O tempo não dá trégua. Os acontecimentos vão se precipitando e o texto ficcional não está sob controle absoluto do autor, que é escritor e tem de escrever o livro que uma grande editora lhe encomendou. A novidade aqui não é a narrativa que fala da própria narrativa. O bom é não entediar o leitor com a mesma conversinha.
Lerner consegue escrever sobre o processo de criação entremeado às circunstâncias da existência real, por assim dizer. Uma paixão nunca consumada, um filho a ser concebido, um romance a ser escrito e que já está sendo elaborado enquanto lemos. Tudo por fazer ao mesmo tempo agora e antes.
Tanto neste 10:04 (Rocco) quanto em Estação Atocha (Rádio Londres), estreia do poeta Ben Lerner na prosa, a “originalidade” é esta: arte em vida, vida com arte, sem que a narrativa seja um diário de olho no umbigo do gênio de um autor cheio de questões supostamente muito importantes, mas que afinal são apenas egocentrismo.
Também poderia ser ainda mais do mesmo: escritores que vivem em Nova York, uma cidade saturada de ficção, dão aula de literatura, atravessam períodos de turbulência criativa e amorosa e têm muito a nos ensinar. Lerner ameniza os clichês ao baixar a bola com uma escrita bem-humorada, de leveza hipocondríaca.
Atravessamos uma fase de pouca imaginação e muita falação de si. Lerner não abandona o eu. Entretanto, está de olho no outro que se relaciona aos detalhes do eu. Divide o tempo e a autoria de um pequeno livro com Roberto, filho de migrantes latinos; é o único a se preocupar com o estagiário que quase tem uma overdose.
E mais: topa fazer a inseminação artificial que a melhor amiga lhe pede; lança um olhar compreensivo para a namorada que recupera o valor estético de obras destruídas; escolhe o poema para ser lido ao amigo intelectual no leito de morte. 10:04 é um romance sobre doação, texto generoso que se entrega por completo. Na moral.

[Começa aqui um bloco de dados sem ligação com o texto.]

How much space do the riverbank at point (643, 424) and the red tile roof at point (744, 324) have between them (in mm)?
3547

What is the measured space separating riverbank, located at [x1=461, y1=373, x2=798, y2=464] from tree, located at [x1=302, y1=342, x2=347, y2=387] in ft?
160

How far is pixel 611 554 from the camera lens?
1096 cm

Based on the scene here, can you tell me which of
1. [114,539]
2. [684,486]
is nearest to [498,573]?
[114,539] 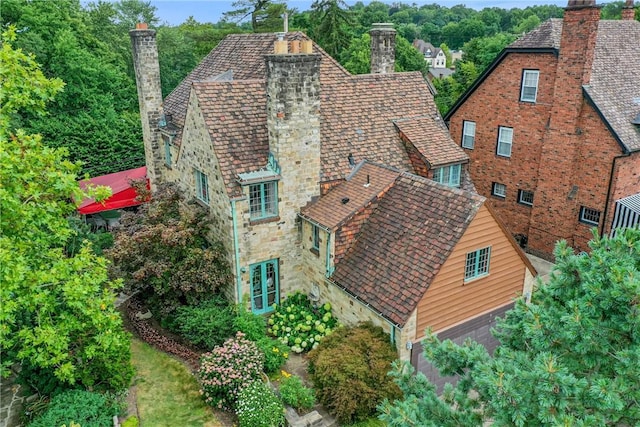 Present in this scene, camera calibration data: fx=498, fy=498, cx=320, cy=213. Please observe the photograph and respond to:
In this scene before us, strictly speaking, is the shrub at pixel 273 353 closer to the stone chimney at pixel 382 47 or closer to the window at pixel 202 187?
the window at pixel 202 187

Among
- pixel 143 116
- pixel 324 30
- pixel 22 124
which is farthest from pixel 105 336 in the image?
pixel 324 30

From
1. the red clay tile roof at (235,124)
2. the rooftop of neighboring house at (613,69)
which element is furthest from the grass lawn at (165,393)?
the rooftop of neighboring house at (613,69)

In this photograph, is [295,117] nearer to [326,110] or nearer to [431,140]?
[326,110]

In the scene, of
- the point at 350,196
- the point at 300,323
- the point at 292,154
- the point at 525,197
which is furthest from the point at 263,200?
the point at 525,197

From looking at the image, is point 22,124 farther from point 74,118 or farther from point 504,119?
point 504,119

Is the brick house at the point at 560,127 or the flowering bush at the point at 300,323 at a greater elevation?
the brick house at the point at 560,127

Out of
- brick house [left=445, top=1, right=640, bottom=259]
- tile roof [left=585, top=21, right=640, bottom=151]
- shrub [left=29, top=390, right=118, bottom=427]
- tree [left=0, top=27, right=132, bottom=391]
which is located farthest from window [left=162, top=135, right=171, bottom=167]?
tile roof [left=585, top=21, right=640, bottom=151] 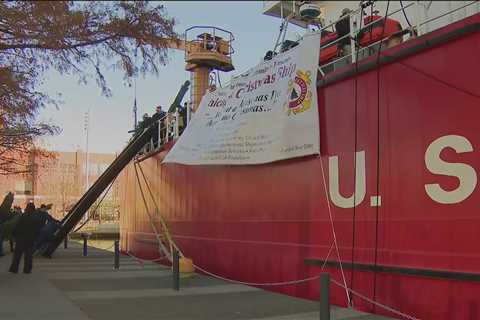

A salvação possível, nos diz Lerner, vem da poesia na identidade de cada um de nós. Vejam como observa a namorada que escuta o que o narrador conta: “Alex expressava a intensidade de sua atenção não tocando na sua água. Tinha a capacidade de ficar tão quieta que aquilo era uma forma de elegância.”
À maneira de W.G. Sebald, Ben Lerner traz imagens para dentro do texto. Frames, quadros, fotos. São poucas mas cumprem a função de disparar a atenção para a tensão do instante. Ao modo ensaístico de Walter Benjamin, o autor mira o Angelus Novus de Paul Klee, de olho no pesadelo histórico para encarar presente e futuro.
Pode-se criticar a idealização humanitária nas ideias de Lerner, solidariedade que inexiste na prática. Essa perspectiva utópica, com algo do pensamento filosófico de Richard Rorty e seu “liberal ironista”, essa distância da realidade tem sido bastante prejudicial para a compreensão da vida cotidiana.
Na literatura em questão e tendo em vista o momento mundial que vivemos, não faz mal, contudo, imaginar contrapontos na tentativa de repensar radicalismos, quebrar unidades impenetráveis, viver com mais comunhão. O mundo pode ser melhor no futuro. Que Marty McFly venha nos salvar de nós mesmos. Na hora precisa.